Entertainment

Non-Originals Play a Vital Role in the Streaming Story

Picture it. A TV series with a mass audience, loyal following, and a tendency to induce binge streaming. People are talking about it. Seemingly it sounds like a hot new original from Netflix, Amazon, or Hulu… but not in this case. This scenario teases the rather common story of how a licensed show — broadcast months prior on network TV — achieves digital streaming success.

In the most recent 7Park Data Streaming Intelligence report, more than 80% of TV streams in the first quarter of 2017 were licensed, non-original shows. The truth is that every day familiar franchises including South Park, Shameless, and Grey’s Anatomy gobble up hours and hours of viewing each day.

The actual streams tell the tale. Licensed TV is watched during windows when viewers are waiting for their favorite originals to return. Licensed TV is watched during that post-binge “cooldown” and watched in the run-up to a new season on broadcast. Licensed TV is watched, perhaps most of all, by the cord-cutter that wants at least some of the familiar content that pay TV offers.

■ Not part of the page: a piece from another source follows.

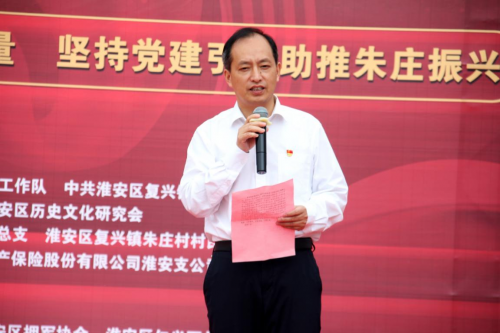 ����������� ������ׯ��Ŀ������ʽ����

As the streaming services continue a legendary run of success and ramps up original distribution, major opportunities reside on the licensed side. From retention to the chance to deepen engagement, here are some places licensed content creators and distributors might look to grow:

  • Classics and Cult Favorites. They’re expensive to license, but they’re worth it. Golden Girls and Seinfeld. The Office, Family Guy, and Friends. All top ten shows on their respective, streaming platforms where they current reside. (‘Half-Hour Long’ series, March 2017). And there’s more where those came from.
  • Kids Content. A hallmark of kids’ viewership is repeat viewing. While physical discs have traditionally been the platform of choice for the young set, streaming platforms are now a central factor. Yet with only seven percent of the TV streams on the leading services in the first quarter of 2017, family content rated G, Y, and Y7 has plenty of room to grow.
  • ‘Micro-Episode’ Series. Viewed in delectable nuggets of less than 15 minutes, shorter-form TV feeds an increasing need for a briefer TV commitment. On Hulu, in the first quarter 2017, the ‘micro-episode’ segment actually accounted for eight percent of all TV streams. And the category is growing, up thirty-two percent in the first quarter of 2017 from the prior year. The growth driven not only by kids shows like Adventure Time (the number one ‘micro-episode’ series), but also Adult Swim titles like Aqua Teen Hunger Force and Robot Chicken.

  • Mature Series. Ground-breaking content and a culture that has embraced the individual viewing experience are driving discovery of new titles. While family friendly fare is a target for growth, mature TV continues to be a strength, particularly for Netflix. On the service, TV-MA streams grew eleven percent in the first quarter of 2017 (from the prior year).

To leverage these opportunities, the right partnerships are a key. One measure of this collaboration is return-on-catalog. That is, an assessment of a studio’s share of titles in relation to its share of streams. Case in point: Fox Entertainment’s slate of TV on the leading streaming services accounted for about four percent of the titles streamed. Yet Fox Entertainment drove a much-larger share of the engagement with seven percent of TV streams on Hulu and eight percent of TV on Netflix (U.S., March 2017).

Cultivating a return on licensed content will be a critical piece of the streaming puzzle, particularly as we miss The Mindy Project (ending later this year) and wait longer for the latest House of Cards, Unbreakable Kimmy Schmidt, and Stranger Things.